Now, to further improve the performance we can have more data centers. Like on in India and one in US. Here, the Load Balancer will choose the data center.

Again the US and France clients will go to the respectative CDNs and if they don’t get the data even between themself. It will then go to the Load Balancer and it will direct to the Data Center in the US.

Similar case with the Japan and India user. First to CDN and then Load Balancer will direct to Data Center in India. The data centers also talk with each other to duplicate the data in databases. So, if one data center is down the other can be used.

Messaging Queue

Now, the next step is to use Messaging Queue like RabbitMQ or Kafka. Even the step 7 can handle million of requests, but Messaging Queue gives the Asynchronous nature to our system.

It is used for heavy load operations like send notifications, mail sent to users. These all operations can be async. Plus it is also a must in apps where a large amount of data comes per second.

The best example is app like Uber/Zomato where the driver/delivery person have GPS and sends notification to Uber/Zomato server. The volume is so high even for a city, that a system with multiple data center will also fail.

Below is an example of Kafka, where the Producer is a driver who will send multiple live location request per second. It will be handled by a Kafka Topic, which have various partiion to handle millions of drivers requests.

Depending on the type of data it will send to a different Consumer, which is nothing but a App Server. Like in case of Zomato, the driver location will be sent to a Driver Service Consumer. And restaurant food preparation will be sent to a restaurant service consumer.
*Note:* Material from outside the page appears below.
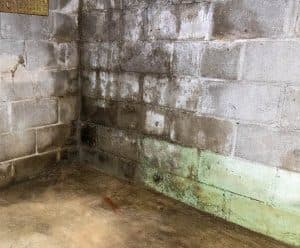 basement-waterproofing-aquaguard-waterproofing-3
The Messaging Queue directly send data to a App Server which is the consumer in our case. It is used by all large application(not just Zomato/Uber) for some services, like sending email notifications or app notification. These can be sent asynchronously to millions of users.

Database Scaling

Now, the last step is database scaling which is of two types. The types are vertical and horizontal.

Vertical scalability means increasing the CPU and RAM of existing databases. But the disadvantage is that you cannot increase the CPU or RAM after a limit.

Horizontal means we increase the database nodes. The implementation of horizontal scaling is called sharding. Sharding is again of two ways — Horizontal and Vertical.

Horizontal sharding means we divide the rows. If we have a table with 100000 rows. We can divide it into multiple tables with rows. Say the first table contains rows 0 to 50000 and second table contains rows 50001 to 100000.

Vertical sharding means if we divide the columns. Suppose, we have a table with 10 columns, then we divide it into two tables. Table 1 gets column 1 to 5 and table two gets column 6 to 10.

This completes our post to scale a system from zero to millions of users.